▶ **WHAT YOU WILL DO**
Please give back all the records exactly, but keep the pictures out.

[[ GIVEN ENTRIES, beginning ]]

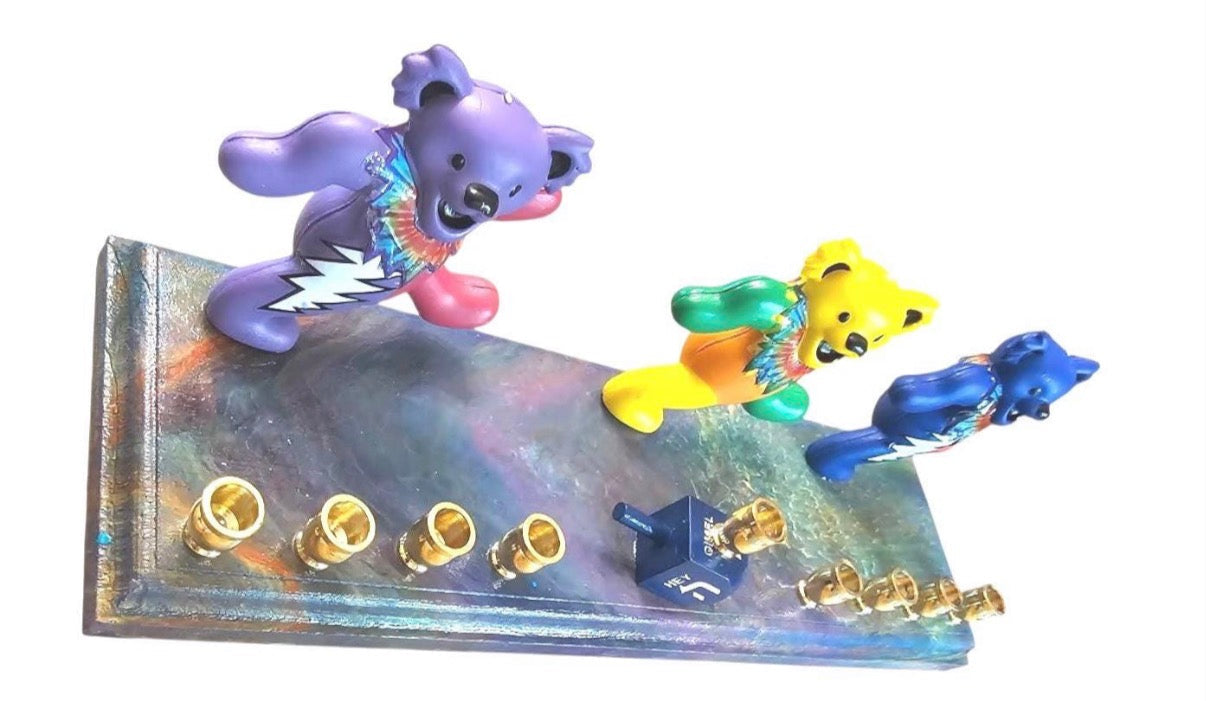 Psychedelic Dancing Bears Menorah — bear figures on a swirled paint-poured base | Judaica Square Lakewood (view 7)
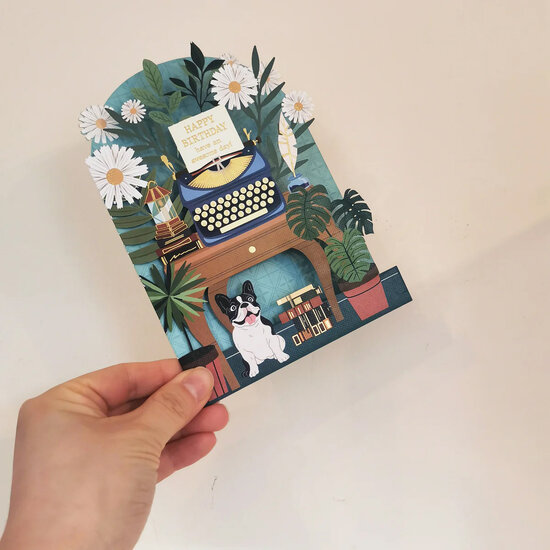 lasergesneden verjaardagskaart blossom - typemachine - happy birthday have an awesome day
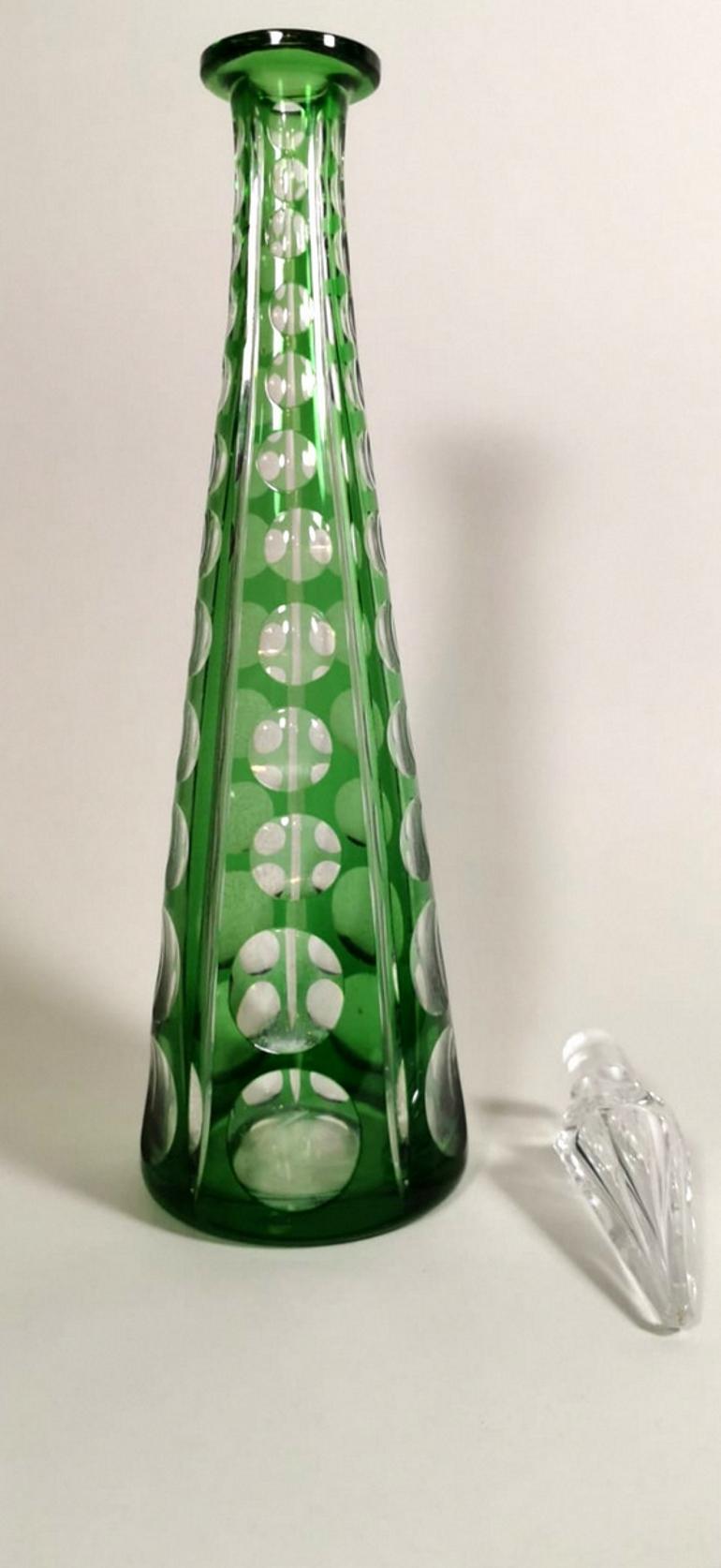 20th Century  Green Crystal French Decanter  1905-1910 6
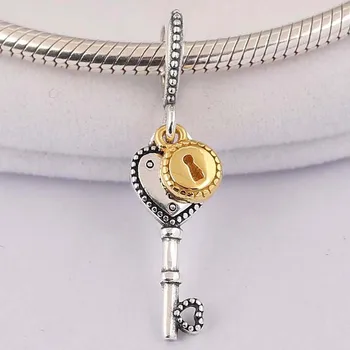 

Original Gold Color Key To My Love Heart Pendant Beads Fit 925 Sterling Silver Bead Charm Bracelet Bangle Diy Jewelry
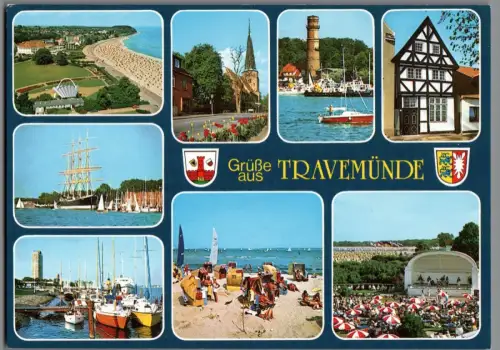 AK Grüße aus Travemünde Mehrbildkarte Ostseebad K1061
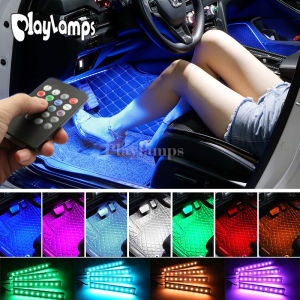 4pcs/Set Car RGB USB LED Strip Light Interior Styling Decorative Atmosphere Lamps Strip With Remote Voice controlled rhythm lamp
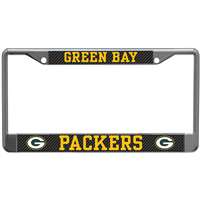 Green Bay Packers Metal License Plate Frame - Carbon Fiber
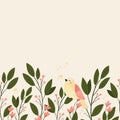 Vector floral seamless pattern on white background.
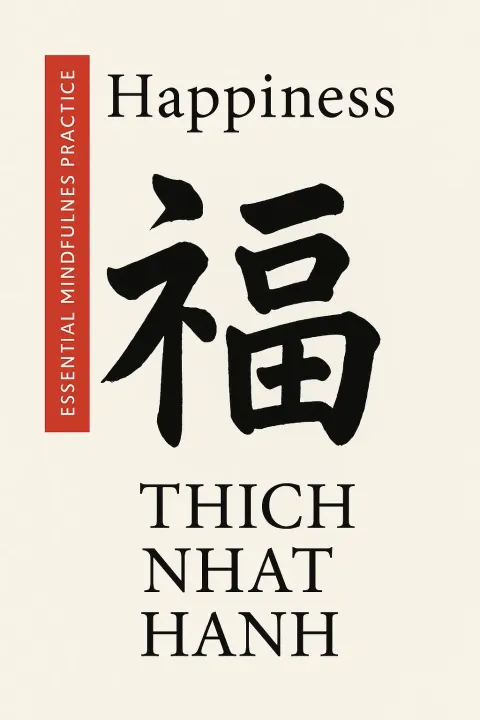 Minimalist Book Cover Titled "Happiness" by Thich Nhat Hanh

[[ GIVEN ENTRIES, end ]]

▶ **OUTPUT OF THE EXERCISE**
 Psychedelic Dancing Bears Menorah — bear figures on a swirled paint-poured base | Judaica Square Lakewood (view 7)
 lasergesneden verjaardagskaart blossom - typemachine - happy birthday have an awesome day
 20th Century  Green Crystal French Decanter  1905-1910 6

Original Gold Color Key To My Love Heart Pendant Beads Fit 925 Sterling Silver Bead Charm Bracelet Bangle Diy Jewelry
 AK Grüße aus Travemünde Mehrbildkarte Ostseebad K1061
 4pcs/Set Car RGB USB LED Strip Light Interior Styling Decorative Atmosphere Lamps Strip With Remote Voice controlled rhythm lamp
 Green Bay Packers Metal License Plate Frame - Carbon Fiber
 Vector floral seamless pattern on white background.
 Minimalist Book Cover Titled "Happiness" by Thich Nhat Hanh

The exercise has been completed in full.